Her interest in the natural horn came early, from a teacher with a flair for "buying junkshop instruments and repairing them".
She explains his methods of "valvectomy", finding early 20th-century instruments, removing the valves, and "converting them into cheap natural horns".
"I was captivated. Although, a horn without valves is a challenge even to figure out, especially after a modern instrument. As I got more into it, the colours were just wonderful," she enthuses. "For the first time, as a brass player, I had the instrument for which my music had been written. In chamber ensembles I could really play out, without watching the audience to see if they could hear anyone else."
She explains the complex use of the right hand on the bell of the instrument, likening it to what a sculptor might do with wet clay. "It's your right hand that creates this array of colours. When you make all those contortions with it, you can change the sound from muscled to bright, and all those musical colours come into play."
A key moment in Beethoven's Eroica Symphony shows how composers were aware of the special tonal qualities of her instrument.

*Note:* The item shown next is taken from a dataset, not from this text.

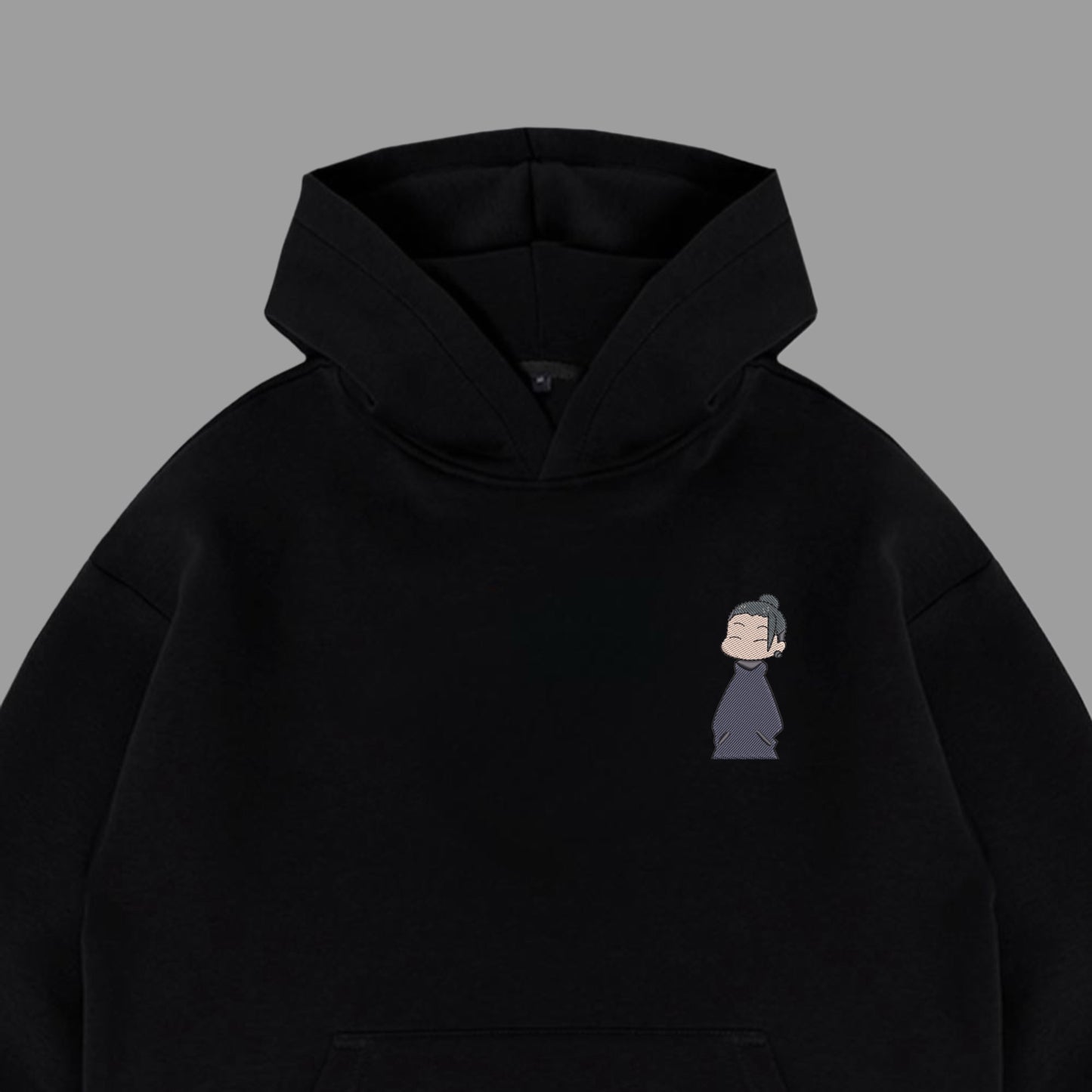 JJK chibi hoodie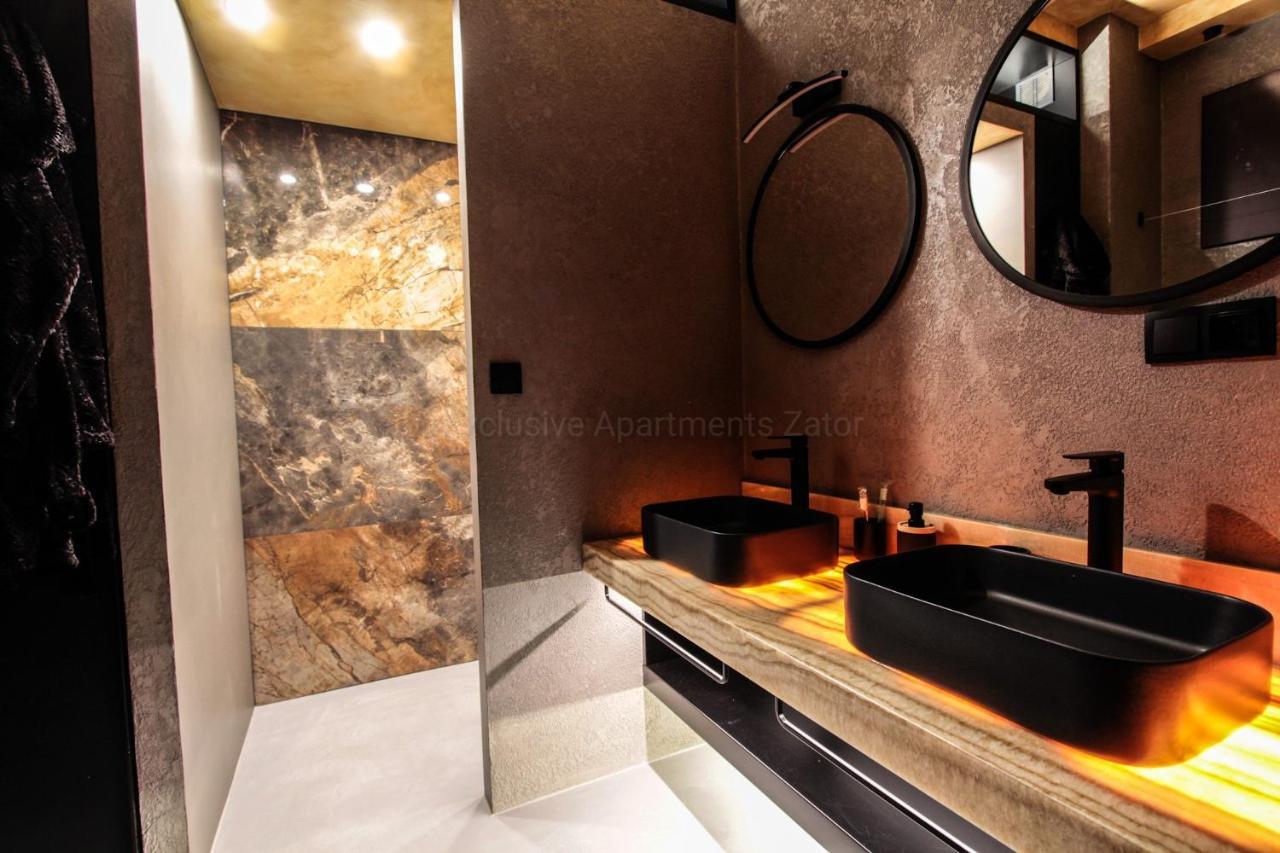 Exclusive Apartments Zator Ngoại thất bức ảnh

"About two-thirds of the way through the first movement, Beethoven asks the horn to go up from E flat to F for just eight bars. The difference in sound makes the hair on the back of your neck ascend; you're in a new world. You don't get that contrast with modern instruments."
Scott is playing the last of Mozart's four concertos with NZ Barok, a work that "everyone will know from the Flanders and Swann song," she laughs, reviving memories of Michael Flanders singing Mozart's finale to the words, "I once had a whim and I had to obey it, to buy a French horn in a second-hand shop."
"One of the great things about Mozart is that he showcases the voice-like, songful quality of the instrument," she explains. "Whenever you play his music, especially the concertos, you feel like characters in an opera. You can see them very clearly and there's a huge range of emotions, sometimes in just one movement." Scott enjoys "the challenge of telling a story and giving out a plot line".
She is also looking forward to joining the orchestral ranks for two symphonies by Mozart and Haydn. She sees it as being not so much orchestral work, but demanding an "extended chamber music approach. With no conductor, you have to communicate all the more with your fellow players and your radar is constantly on alert."